No fue el de ayer un buen día para UPN. Les pilló el desayuno con la noticia de la moción de censura en Iruñea, pero horas antes se conoció el archivo de la causa iniciada hace tres años contra el entonces consejero navarro de Geroa Bai Manu Ayerdi, a raíz de una querella presentada por ellos en el Tribunal Supremo. Alegan desde el partido de Javier Esparza que todo se debe a un error judicial, pero saben mejor que nadie que en el fondo no había nada. Sólo sus ganas de enredar, de enmerdar, de acosar. Como siempre, la noticia ha ocupado en los medios un espacio muchísimo menor que el que ocupó en su día la repugnante campaña iniciada contra Ayerdi hasta que consiguieron su dimisión, pero es esa la práctica habitual de quienes buscan carnaza sin escrúpulos: se les olvida contar el desenlace con la importancia que requiere, sobre todo cuando este no es de su agrado.
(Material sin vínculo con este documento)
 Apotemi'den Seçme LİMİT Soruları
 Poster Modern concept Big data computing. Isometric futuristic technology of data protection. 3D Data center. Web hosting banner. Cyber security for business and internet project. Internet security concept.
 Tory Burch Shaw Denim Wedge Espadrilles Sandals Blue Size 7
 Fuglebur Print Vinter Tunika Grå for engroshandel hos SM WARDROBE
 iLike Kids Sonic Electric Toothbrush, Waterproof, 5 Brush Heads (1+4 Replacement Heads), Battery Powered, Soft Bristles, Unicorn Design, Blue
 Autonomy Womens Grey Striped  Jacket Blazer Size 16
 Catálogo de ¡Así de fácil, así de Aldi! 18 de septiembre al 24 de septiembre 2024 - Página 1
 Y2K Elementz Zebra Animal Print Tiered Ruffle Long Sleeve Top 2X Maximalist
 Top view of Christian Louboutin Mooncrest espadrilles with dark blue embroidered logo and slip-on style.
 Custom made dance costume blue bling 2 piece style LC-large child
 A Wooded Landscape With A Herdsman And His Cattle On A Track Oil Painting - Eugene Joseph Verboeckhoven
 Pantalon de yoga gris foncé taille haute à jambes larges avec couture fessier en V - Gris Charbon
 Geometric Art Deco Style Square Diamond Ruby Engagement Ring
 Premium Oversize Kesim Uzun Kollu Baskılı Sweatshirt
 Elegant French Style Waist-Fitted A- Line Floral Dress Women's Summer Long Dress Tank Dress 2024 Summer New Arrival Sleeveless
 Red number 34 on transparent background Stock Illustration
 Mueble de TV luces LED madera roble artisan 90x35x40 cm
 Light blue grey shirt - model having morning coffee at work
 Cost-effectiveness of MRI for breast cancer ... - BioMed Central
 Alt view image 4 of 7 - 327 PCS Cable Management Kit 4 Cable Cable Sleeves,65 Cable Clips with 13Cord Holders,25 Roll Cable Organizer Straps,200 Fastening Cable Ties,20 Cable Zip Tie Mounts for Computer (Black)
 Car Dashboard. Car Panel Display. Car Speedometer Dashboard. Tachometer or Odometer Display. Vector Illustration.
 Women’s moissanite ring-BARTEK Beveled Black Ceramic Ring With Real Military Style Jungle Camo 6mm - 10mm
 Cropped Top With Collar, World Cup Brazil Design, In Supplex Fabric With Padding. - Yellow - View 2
El caso nos sitúa en la necesidad de reflexionar sobre una cuestión incómoda. Aunque fuera una postura impopular, ya en su día nos lamentábamos de la decisión que habían adoptado la mayoría de los partidos políticos de forzar en su seno dimisiones sólo con la admisión a trámite de querellas infundadas, presentadas con evidente mala baba. Advertíamos entonces que se estaba dejando en manos de políticos, medios, fiscales y jueces de dudosas intenciones la batuta de la vida política. Tal proceder, el de las dimisiones, podía ser entendible en un ambiente de grandes escándalos de corrupción como los que se vivieron en aquella época, pero se ha demostrado frecuentemente injusto. Aquí en Gipuzkoa hemos sido también testigos de persecuciones inadmisibles a exalcaldes –y sus familias–, que han pasado años terribles sólo porque hubo quien pensó que el atajo de los juzgados le podía salir bien. Lo triste es que les salió bien, pero no porque obtuvieran condenas a corruptos. Les salió bien porque en el camino consiguieron hundir a sus adversarios políticos, en muchas ocasiones gente honrada.